**Material to process:**

--------------------------------

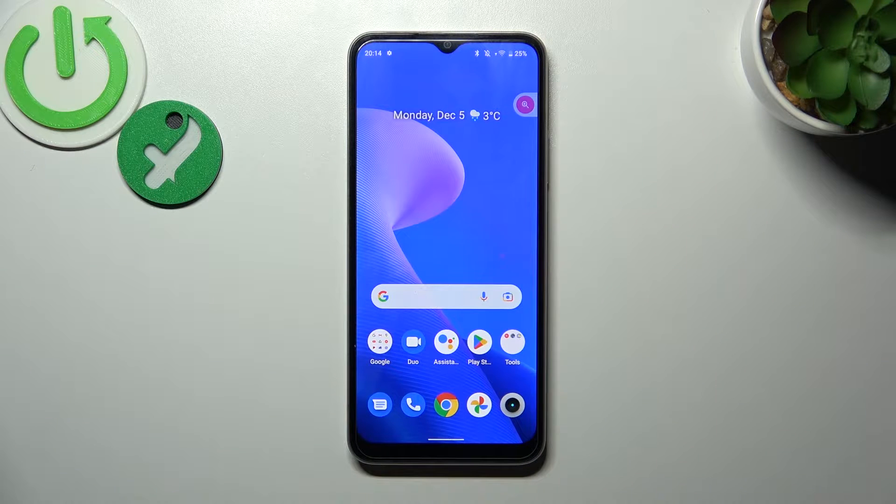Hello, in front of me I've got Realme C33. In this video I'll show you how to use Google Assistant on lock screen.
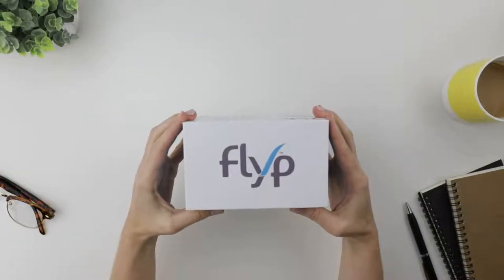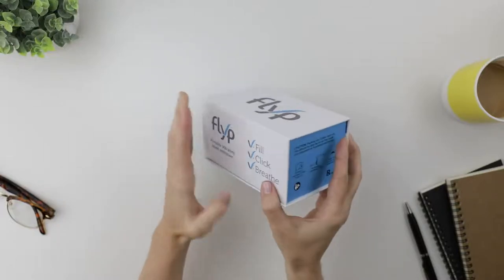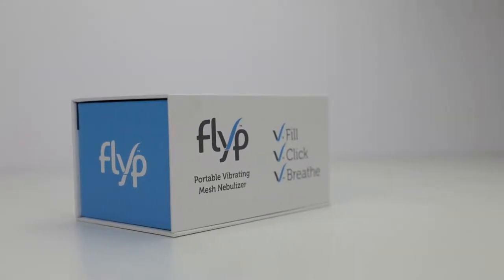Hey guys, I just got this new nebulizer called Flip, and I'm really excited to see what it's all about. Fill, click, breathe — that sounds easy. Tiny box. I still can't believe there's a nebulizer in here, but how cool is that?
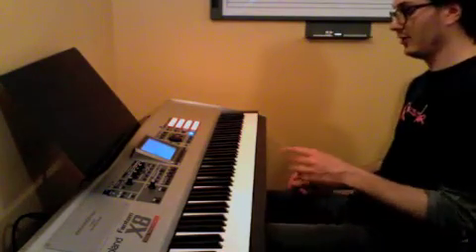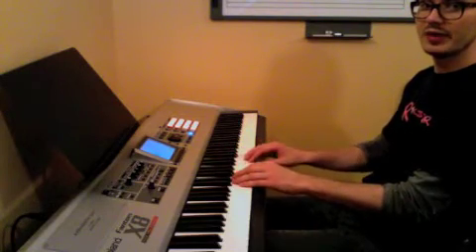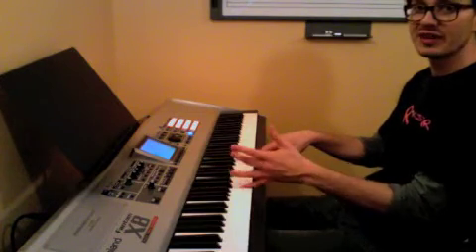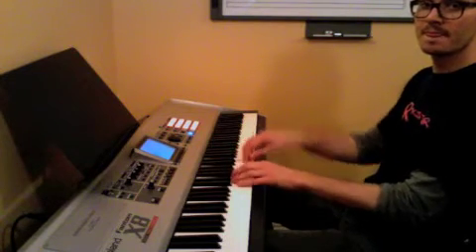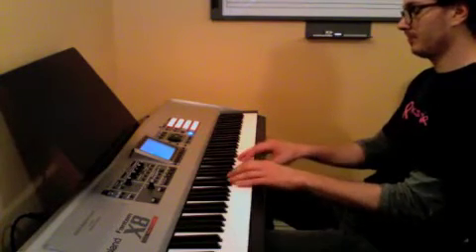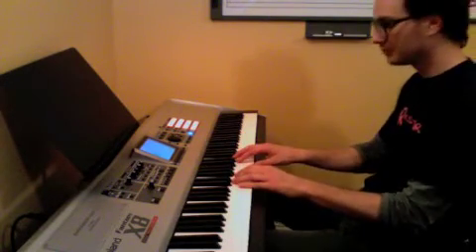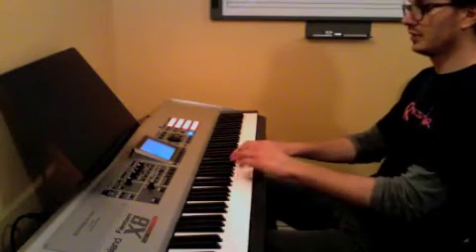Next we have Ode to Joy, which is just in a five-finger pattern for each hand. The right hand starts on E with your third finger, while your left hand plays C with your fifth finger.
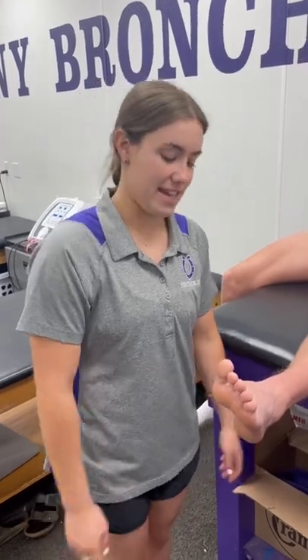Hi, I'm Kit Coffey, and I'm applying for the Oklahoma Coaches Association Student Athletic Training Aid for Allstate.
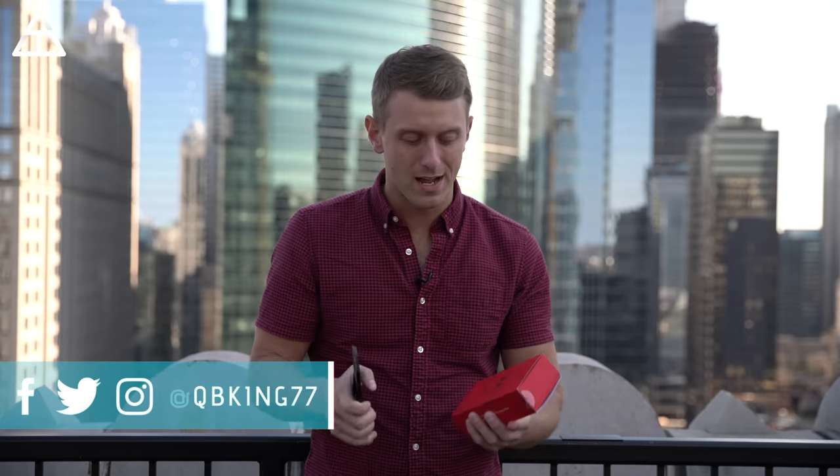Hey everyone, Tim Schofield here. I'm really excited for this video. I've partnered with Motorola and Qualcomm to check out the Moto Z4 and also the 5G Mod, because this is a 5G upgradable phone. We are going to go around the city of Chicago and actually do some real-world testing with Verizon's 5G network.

--------------------------------

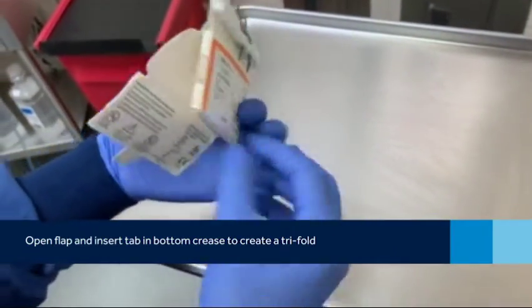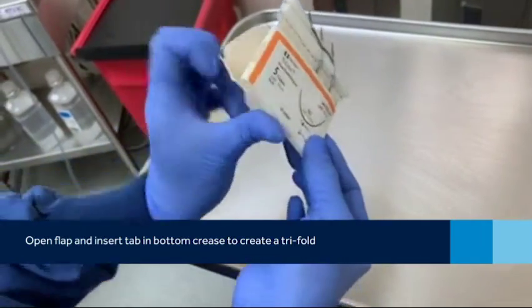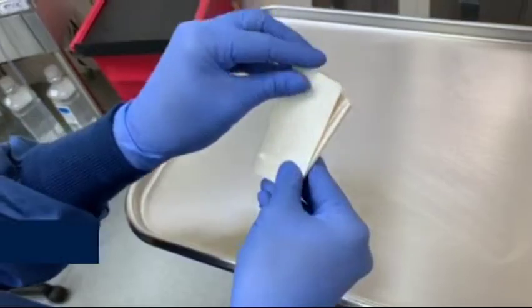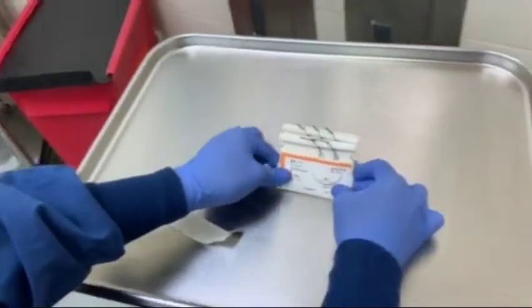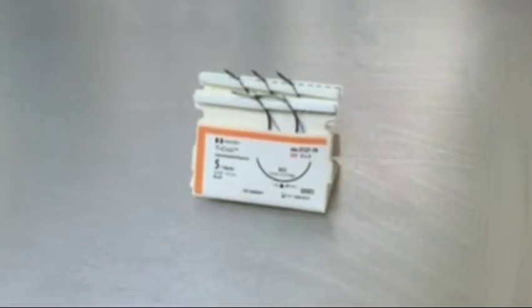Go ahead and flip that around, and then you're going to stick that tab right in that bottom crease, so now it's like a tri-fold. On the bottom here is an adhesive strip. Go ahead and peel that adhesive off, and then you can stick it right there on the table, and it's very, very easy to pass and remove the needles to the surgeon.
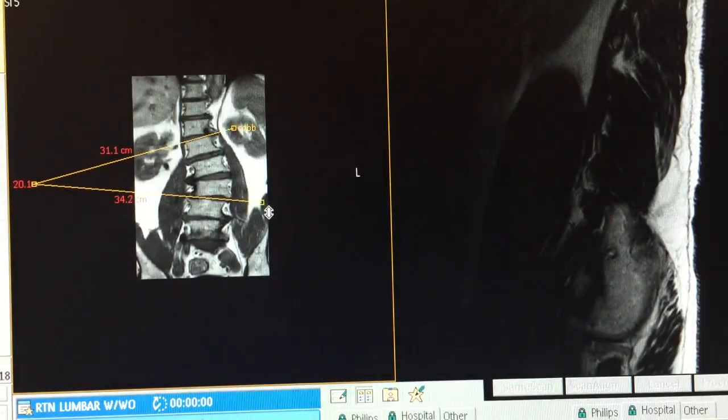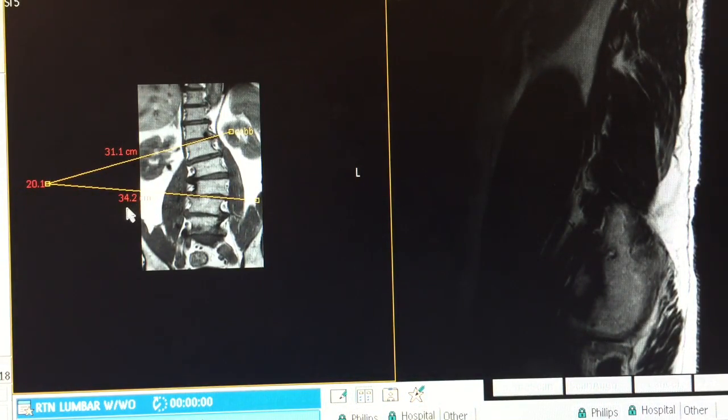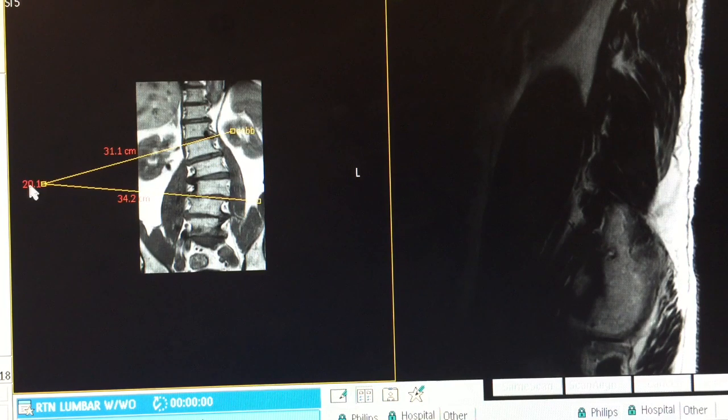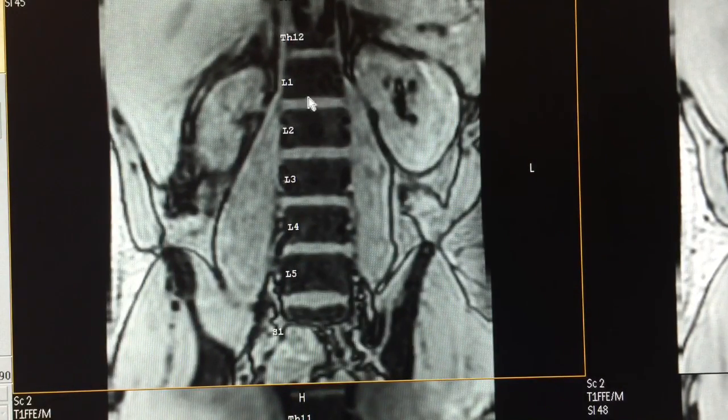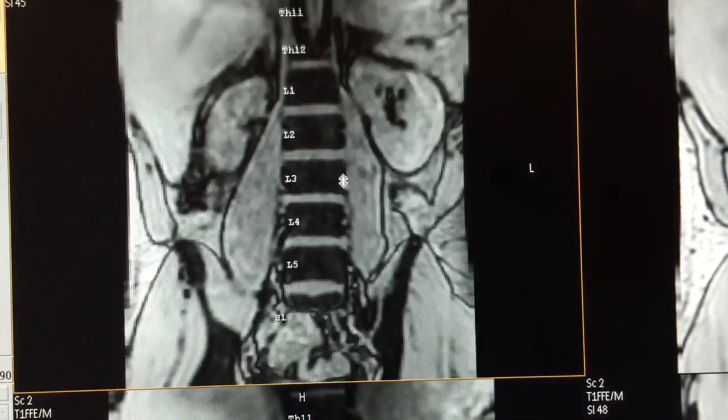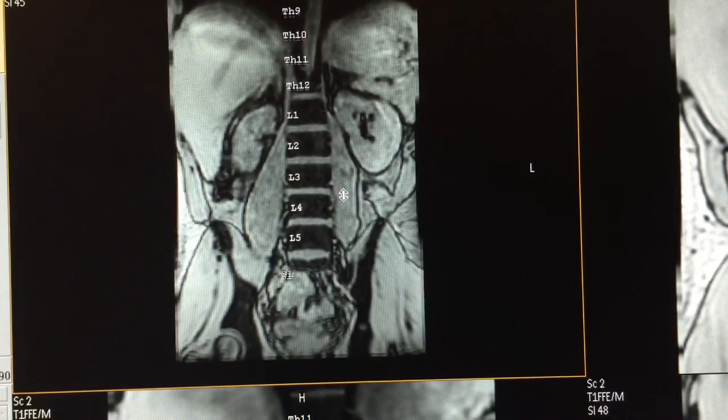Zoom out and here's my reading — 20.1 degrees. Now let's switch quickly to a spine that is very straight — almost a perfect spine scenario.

--------------------------------

**Task objective:** Using the data above, retype exactly and only the lines from the one containing "Hello, in front" up to and including the one containing "Hey guys, I", with no pictures carried over.

**Result for this task:**
Hello, in front of me I've got Realme C33. In this video I'll show you how to use Google Assistant on lock screen.
Hey guys, I just got this new nebulizer called Flip, and I'm really excited to see what it's all about. Fill, click, breathe — that sounds easy. Tiny box. I still can't believe there's a nebulizer in here, but how cool is that?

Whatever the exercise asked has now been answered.